Columnist Kilpatrick on language; The Writer's Art, by James J. Kilpatrick. Fairway, Kan.: Andrews, McMeel & Parker Inc. 299 pp. $14.95.

One approaches fall with anticipation. One watches the children, conspicuous in new clothes, some shy, some gregarious, waiting for the big yellow bus. One senses that something abstract has entered the atmosphere, just as surely as the air has a new edge, a new transparency.

The new element, after the languors of summer, is no doubt the element of discipline. So much education is a matter of reducing feelings to symbols, of disciplining the warm chaos within! What ripens toward fall is our readiness to give up the summer promises of boundless possibilities for a few well-defined ends.

So much education is a matter of writing it down.

And what is the image we cherish of the writer? Not the emaciated romantic, slave to a demon muse, but an ordinary person with clean hands and a clear head, with sharp pencils, white paper, and a comfortable space in which to work. And a nose for the business at hand.

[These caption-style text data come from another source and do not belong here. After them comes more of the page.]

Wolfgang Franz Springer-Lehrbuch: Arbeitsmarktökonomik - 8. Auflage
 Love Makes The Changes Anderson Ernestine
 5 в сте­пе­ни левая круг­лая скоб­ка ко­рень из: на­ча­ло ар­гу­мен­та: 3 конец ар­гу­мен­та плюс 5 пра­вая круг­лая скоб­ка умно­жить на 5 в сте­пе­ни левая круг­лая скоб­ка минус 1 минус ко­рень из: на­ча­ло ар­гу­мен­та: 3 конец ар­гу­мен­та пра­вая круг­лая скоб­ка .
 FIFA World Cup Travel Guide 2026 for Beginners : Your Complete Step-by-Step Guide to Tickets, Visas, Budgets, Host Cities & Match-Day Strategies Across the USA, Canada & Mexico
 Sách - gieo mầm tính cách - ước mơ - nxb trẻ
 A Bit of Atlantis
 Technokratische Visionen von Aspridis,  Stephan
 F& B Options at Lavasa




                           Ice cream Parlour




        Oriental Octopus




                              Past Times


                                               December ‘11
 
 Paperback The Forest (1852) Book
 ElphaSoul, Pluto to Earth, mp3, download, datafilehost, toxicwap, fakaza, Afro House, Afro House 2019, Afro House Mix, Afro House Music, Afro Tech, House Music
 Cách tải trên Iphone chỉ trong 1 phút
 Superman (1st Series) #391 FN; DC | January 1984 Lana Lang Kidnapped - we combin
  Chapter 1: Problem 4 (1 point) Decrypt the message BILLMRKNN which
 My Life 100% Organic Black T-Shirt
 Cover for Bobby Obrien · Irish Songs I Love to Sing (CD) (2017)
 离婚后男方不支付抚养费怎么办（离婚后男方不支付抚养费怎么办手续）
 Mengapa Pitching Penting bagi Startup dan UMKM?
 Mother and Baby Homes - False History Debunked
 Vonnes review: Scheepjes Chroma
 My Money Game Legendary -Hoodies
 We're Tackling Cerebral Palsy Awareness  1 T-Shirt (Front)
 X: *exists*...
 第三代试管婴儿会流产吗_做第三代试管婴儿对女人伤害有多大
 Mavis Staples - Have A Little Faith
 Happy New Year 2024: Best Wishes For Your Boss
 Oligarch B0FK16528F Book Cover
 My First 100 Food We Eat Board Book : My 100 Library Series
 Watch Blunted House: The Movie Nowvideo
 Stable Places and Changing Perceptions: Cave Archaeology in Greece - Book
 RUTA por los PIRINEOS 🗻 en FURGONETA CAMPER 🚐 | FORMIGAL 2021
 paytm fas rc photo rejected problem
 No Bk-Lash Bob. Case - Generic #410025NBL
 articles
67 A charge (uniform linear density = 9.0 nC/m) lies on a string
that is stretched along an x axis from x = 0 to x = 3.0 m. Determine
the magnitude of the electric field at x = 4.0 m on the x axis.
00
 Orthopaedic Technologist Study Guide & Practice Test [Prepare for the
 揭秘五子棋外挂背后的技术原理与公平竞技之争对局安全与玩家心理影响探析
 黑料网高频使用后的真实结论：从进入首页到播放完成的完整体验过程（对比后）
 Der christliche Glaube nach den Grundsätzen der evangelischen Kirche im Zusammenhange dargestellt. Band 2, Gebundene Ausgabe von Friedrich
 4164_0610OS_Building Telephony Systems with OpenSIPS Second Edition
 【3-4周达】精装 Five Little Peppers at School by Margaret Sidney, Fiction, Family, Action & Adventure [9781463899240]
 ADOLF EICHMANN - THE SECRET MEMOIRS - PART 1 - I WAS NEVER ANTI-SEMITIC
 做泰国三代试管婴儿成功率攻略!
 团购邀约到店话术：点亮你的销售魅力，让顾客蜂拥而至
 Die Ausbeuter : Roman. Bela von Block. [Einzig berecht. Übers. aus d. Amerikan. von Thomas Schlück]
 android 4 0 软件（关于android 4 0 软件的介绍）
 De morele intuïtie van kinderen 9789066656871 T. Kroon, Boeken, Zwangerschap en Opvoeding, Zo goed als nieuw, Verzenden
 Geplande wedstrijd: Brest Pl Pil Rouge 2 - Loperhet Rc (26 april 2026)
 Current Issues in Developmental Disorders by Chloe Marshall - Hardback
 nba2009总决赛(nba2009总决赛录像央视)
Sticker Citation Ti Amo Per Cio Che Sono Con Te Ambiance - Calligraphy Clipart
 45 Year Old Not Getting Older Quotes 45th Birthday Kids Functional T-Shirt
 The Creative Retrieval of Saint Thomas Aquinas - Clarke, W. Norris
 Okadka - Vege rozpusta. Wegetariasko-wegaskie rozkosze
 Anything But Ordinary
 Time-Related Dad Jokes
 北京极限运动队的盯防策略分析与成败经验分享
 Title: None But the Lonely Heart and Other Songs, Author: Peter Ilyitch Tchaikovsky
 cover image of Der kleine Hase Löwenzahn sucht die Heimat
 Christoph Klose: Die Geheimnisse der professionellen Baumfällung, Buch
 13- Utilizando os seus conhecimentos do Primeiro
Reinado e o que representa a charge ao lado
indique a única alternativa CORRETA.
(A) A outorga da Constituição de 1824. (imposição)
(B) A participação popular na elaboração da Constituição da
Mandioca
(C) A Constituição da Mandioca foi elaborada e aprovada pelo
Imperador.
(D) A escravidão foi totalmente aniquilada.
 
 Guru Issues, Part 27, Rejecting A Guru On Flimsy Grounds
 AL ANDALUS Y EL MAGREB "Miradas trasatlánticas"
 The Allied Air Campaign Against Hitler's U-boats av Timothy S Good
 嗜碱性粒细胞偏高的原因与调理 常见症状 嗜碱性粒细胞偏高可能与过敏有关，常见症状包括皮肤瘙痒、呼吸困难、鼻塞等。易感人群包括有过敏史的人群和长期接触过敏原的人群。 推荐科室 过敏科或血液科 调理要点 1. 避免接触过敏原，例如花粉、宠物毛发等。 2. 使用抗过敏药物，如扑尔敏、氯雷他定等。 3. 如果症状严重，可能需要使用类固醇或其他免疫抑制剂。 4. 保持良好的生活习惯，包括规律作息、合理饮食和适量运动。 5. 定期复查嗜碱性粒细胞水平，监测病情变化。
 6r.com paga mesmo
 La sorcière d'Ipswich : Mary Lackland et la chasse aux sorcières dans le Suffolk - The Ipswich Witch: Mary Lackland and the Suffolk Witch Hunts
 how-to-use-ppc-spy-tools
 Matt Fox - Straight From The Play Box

The nose reminds us that a good writer is a critic. And if you feel I have just left you behind, behold: James Jackson Kilpatrick, now, at 63, pretty much retired in Rappahannock County, Va.; a syndicated columnist, whom George Will calls ''a Jeffersonian, Virginia, small-government, free-market, classic conservative,'' and who, according to September's Vanity Fair, still belongs to the Op-ed Set - this man Kilpatrick has written a book just for you and me.

In a marketplace overflowing with short books on how to write well, Mr. Kilpatrick, whose column is used by 512 papers, speaks from experience, in a book no shorter than it should be, seeing it is from the hand of one of the master journalists of our times.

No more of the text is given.